Many around the world are now observing Lent, popularly understood as a fast or a time to give something up, but intended as a period of spiritual preparation for the Holy Week of Easter, the most sacred moment in the Christian calendar. For those who follow this belief, abstinence from certain foods–typically meat–is accompanied by other disciplines, such as reading of scriptures, giving alms and offering special prayers.
Other traditions also hold fasts. Muslims fast (no food, no water, regardless of the heat) from sunrise to sunset during the month of Ramadan, and Jews fast for twenty five hours on the occasion of Yom Kippur, the Day of Atonement (which coincides with the second bringing of the Tablets by Moses, and the atonement of the Israelites for their folly of setting up the Golden Calf). In some parts of the world Buddhists also fast during Vassa. This coincides with the rainy season where there is one, and is a custom from before the time of Gautama Buddha; for practical reasons, wandering monks would suspend their travels during the monsoons, and took advantage of the enforced inactivity to make a spiritual retreat.

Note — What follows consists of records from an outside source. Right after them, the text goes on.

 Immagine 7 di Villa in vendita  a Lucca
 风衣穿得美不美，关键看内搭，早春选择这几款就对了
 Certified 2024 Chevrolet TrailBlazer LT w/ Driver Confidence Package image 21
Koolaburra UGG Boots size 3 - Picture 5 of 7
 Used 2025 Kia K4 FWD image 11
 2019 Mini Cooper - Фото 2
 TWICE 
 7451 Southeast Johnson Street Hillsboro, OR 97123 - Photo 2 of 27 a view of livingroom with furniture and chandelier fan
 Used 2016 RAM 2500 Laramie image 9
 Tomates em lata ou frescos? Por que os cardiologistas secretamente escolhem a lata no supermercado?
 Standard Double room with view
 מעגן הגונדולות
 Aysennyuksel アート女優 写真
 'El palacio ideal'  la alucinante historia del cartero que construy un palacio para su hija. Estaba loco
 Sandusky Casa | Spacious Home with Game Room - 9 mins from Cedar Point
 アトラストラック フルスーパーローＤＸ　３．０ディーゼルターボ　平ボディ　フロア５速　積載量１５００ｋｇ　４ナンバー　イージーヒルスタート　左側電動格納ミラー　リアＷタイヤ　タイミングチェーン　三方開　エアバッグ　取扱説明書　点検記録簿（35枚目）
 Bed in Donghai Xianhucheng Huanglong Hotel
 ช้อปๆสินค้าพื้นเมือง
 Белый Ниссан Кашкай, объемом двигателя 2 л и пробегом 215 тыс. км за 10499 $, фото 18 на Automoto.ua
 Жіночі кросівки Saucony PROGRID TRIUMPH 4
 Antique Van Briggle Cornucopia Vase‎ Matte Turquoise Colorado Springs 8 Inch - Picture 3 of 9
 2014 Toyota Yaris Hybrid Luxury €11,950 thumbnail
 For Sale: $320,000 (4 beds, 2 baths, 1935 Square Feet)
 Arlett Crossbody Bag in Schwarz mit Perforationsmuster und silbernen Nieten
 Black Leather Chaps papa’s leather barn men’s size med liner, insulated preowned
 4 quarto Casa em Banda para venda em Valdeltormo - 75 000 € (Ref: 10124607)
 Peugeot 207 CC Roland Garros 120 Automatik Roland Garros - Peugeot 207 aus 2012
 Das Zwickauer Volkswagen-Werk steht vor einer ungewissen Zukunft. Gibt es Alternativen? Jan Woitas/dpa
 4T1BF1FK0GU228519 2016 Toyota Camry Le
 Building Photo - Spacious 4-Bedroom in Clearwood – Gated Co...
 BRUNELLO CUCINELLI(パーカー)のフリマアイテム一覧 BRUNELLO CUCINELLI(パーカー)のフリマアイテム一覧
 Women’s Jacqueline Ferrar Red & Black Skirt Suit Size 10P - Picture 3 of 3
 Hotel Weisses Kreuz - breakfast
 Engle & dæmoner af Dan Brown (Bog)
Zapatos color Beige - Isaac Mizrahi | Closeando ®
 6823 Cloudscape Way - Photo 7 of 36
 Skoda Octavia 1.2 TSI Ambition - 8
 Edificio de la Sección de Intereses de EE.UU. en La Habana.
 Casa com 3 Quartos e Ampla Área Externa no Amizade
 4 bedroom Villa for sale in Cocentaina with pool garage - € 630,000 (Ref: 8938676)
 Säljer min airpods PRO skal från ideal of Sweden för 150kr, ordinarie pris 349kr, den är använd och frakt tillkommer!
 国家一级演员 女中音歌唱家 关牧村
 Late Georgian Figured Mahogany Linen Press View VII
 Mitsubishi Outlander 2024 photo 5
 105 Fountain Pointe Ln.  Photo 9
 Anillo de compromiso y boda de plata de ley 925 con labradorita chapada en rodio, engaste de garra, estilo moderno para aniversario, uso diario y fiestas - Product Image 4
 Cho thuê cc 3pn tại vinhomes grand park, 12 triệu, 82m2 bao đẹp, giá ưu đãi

When we think of fasting, we may also think of the word ‘sacrifice’. This word now is most often associated with giving up something, as for example in a game of chess, when one may decide to sacrifice a pawn in order to gain some other advantage. The original meaning of the word, though, was to make sacred, and perhaps it is a sign of our profound immersion in duality that we have difficulty imagining that something can be made sacred if we don’t give it away. On the one hand, giving something away, especially to someone in need, can be a sacred act, and even more so if we give it from the heart. On the other hand, devoting time and attention to keeping a corner of the home as a special place of beauty can also be a sacrifice–yet the first soul to be nourished is our own.
To fast is to exert one’s will; it requires discipline. That is always beneficial to the seeker on the spiritual path, but if the discipline is not closely linked with the ideal, the benefit is lessened. Sacrifice means ‘to dedicate to the Divine’ – which may include doing without something, but once again, if the abstinence is not linked to your ideal, then the sacrifice is not sacred. Few accomplish the ‘ultimate’ sacrifice of the mystic, of giving the self away entirely for the sake of the Divine Beloved; for those who do, every act, thought, every breath, becomes sacred.